[[ Records shown, beginning ]]
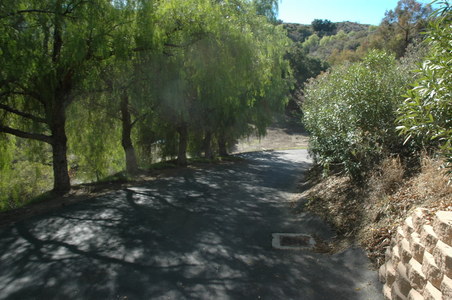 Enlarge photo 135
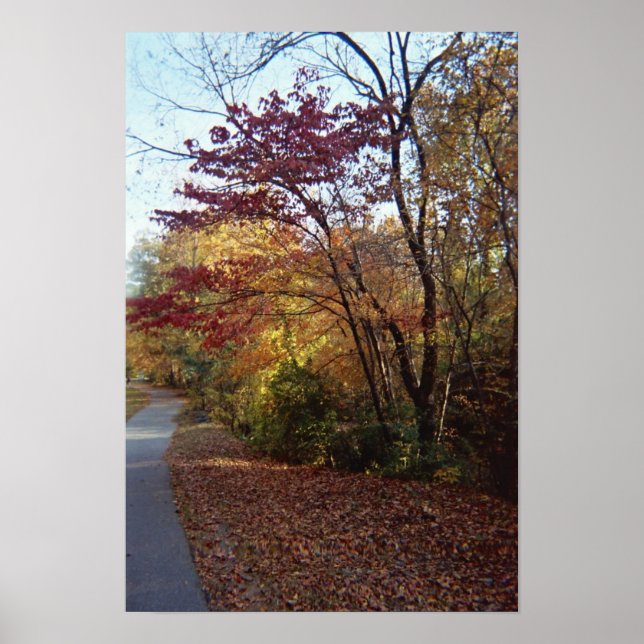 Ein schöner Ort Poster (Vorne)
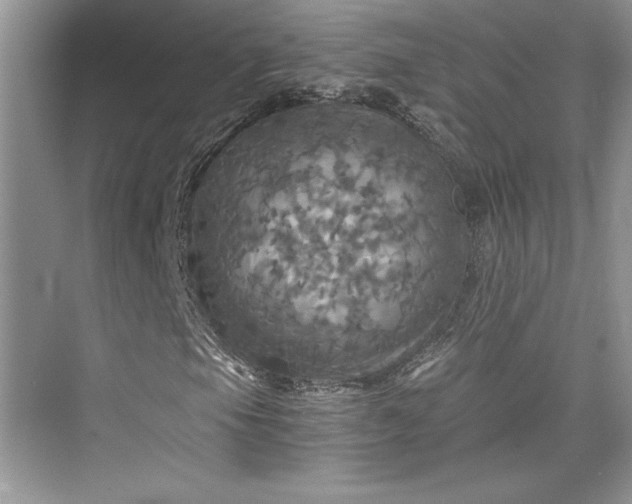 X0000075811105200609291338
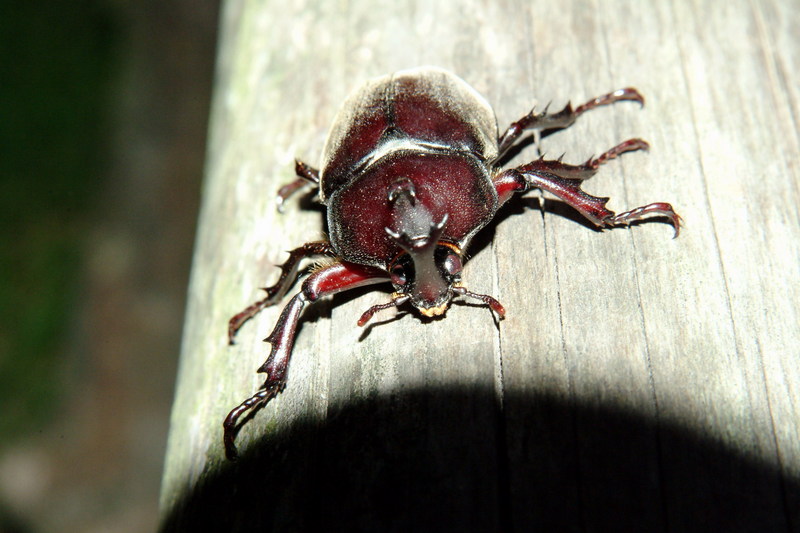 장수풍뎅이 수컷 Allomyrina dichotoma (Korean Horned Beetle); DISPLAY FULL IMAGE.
[[ Records shown, end ]]
[[ Records shown, beginning ]]
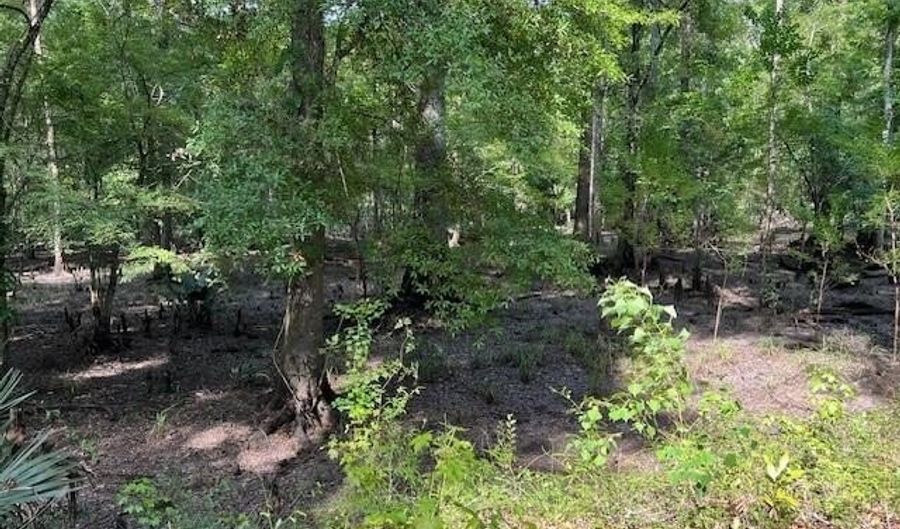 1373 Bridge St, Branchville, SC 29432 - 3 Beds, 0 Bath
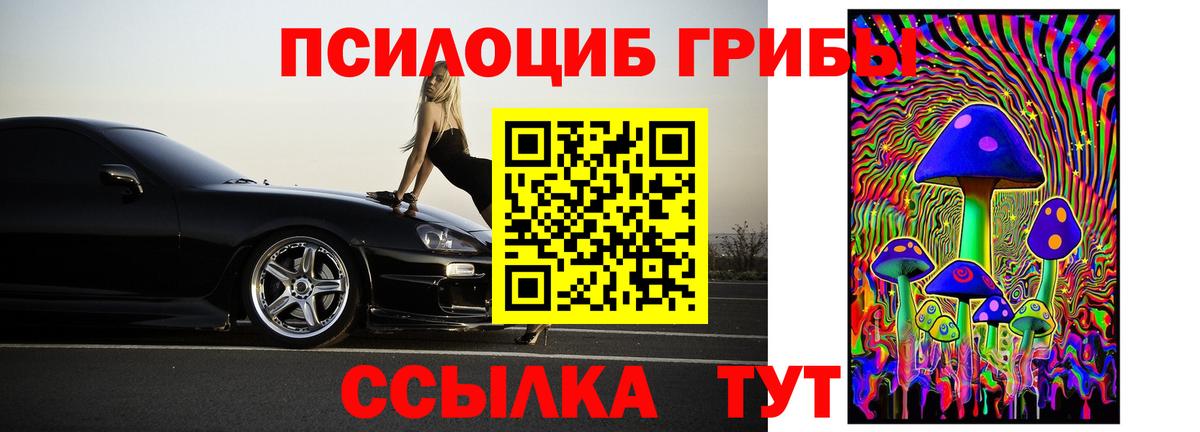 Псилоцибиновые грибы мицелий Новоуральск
[[ Records shown, end ]]
[[ Records shown, beginning ]]
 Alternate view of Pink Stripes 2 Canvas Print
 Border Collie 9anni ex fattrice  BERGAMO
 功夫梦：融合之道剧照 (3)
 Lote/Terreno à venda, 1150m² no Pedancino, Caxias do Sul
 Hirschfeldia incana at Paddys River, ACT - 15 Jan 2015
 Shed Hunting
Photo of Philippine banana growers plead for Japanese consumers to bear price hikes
[[ Records shown, end ]]
■ **Assignment**
Would you copy out exactly the lines above that start at the one containing "功夫梦：融合之道剧照 (3)" and end at the one containing "Photo of Philippine", inclusive?

■ **Answer for this exercise**
 功夫梦：融合之道剧照 (3)
 Lote/Terreno à venda, 1150m² no Pedancino, Caxias do Sul
 Hirschfeldia incana at Paddys River, ACT - 15 Jan 2015
 Shed Hunting
Photo of Philippine banana growers plead for Japanese consumers to bear price hikes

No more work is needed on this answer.